Евгений Валерьевич развёл руками.

– Год назад. Элемент везения. Первый транспорт, способный принять на борт соответствующий груз шёл в Феодосию. Уже на месте дельфина перенаправили к нам на реабилитацию.

– Год назад... – Элачи нервно тёр подбородок. – И вы не отходили от него с момента появления?

– Именно.

– А скажите, в поведении этого дельфина... Мячика – так вы его называете, верно?

Евгений Валерьевич снова кивнул.

– Вы не заметили ничего странного в поведении этого самого Мячика?

– Странного?.. – Евгений Валерьевич задумался. – Ну, как вам сказать... Дельфин перенёс серьёзный стресс. Естественно, его поведение, в определённой степени, отличалось от признанных норм.

– А впоследствии?

– Я бы не сказал, – Евгений Валерьевич оставался задумчивым, что только ещё больше раззадоривало любопытство Элачи.

– Что же, совсем ничего?

– Хм... Есть один момент. Но я не склонен трактовать его, как странность или что-то иррациональное.

– Расскажите!

Евгений Валерьевич недоверчиво глянул на своего собеседника – подобный напор явно тревожил его.

– Вы точно тот, за кого себя выдаёте?

Элачи побледнел. Отпираться и дальше не было смысла. Он сухо сказал:

– В какой-то мере.

Евгений Валерьевич молчал.

Элачи собрался с духом.

– Видите ли, из-за подшефной мне организации случилась массовая гибель морских млекопитающих, птиц и некоторых других представителей земной фауны.

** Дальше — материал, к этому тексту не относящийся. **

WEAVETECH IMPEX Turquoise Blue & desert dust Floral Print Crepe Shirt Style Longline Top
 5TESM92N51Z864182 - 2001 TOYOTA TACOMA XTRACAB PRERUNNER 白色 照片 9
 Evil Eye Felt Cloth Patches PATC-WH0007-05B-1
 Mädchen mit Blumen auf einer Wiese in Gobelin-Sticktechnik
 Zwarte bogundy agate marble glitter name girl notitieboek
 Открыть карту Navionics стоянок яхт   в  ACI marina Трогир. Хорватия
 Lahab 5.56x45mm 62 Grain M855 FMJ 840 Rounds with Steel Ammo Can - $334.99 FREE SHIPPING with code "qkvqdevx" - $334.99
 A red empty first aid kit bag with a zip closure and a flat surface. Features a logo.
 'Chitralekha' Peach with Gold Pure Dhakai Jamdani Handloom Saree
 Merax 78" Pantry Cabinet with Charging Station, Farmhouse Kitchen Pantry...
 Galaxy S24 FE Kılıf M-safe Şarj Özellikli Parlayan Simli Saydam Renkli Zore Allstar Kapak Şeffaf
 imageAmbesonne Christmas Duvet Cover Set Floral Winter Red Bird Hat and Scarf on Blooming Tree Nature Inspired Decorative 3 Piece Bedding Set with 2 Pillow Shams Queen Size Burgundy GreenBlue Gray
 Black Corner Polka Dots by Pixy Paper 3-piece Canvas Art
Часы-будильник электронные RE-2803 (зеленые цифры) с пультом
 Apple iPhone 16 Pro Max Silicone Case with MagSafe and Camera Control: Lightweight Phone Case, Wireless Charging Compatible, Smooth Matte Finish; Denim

Это было что-то вроде эксперимента. Эксперимента, который с треском провалился, унеся с собой миллионы ни в чём не повинных жизней, – Элачи сделал паузу. – Я просто хочу разобраться во всём произошедшем, потому что... Я понятия не имею, что именно вырвалось наружу. Возможно, ничего подобного никогда больше не повторится, но возможно и обратное. Мне необходимо знать всё об этом Мячике! Иначе я не смогу дать окончательный ответ на вопрос, почему он один на всей планете сохранил самообладание, – Элачи закончил свою эмоциональную речь и, с надеждой, заглянул в глаза дрессировщика.

Евгений Валерьевич молчал. Потом глянул в ответ на Элачи. Тихо проговорил:

– Зачем всё это?

– Что, простите?

– То, чем вы занимаетесь там у себя. Разве это правильно: корпеть над материей и антиматерией, расщеплять ядра, рубить ход в параллельный мир? Вы никогда не задумывались, к чему это всё может привести? Нет. А надо было – ведь мы это уже проходили. До создания атомной бомбы хоть кто-нибудь задумался, как будет дальше? Вряд ли. Создали. Живём. Точнее не живём, а балансируем, будто на качелях, страшась неверно озвучить собственную позицию, а то ведь могут не так понять, не так махнуть. А что в этом случае? Хм... Ничего. Верёвка пока держит. Так и теперь. Все куда-то стремятся, но толком не знают куда. А самое главное, зачем. Да, развиваться нужно, не спорю, но верен ли выбранный нами путь? Не приведёт ли он в тупик?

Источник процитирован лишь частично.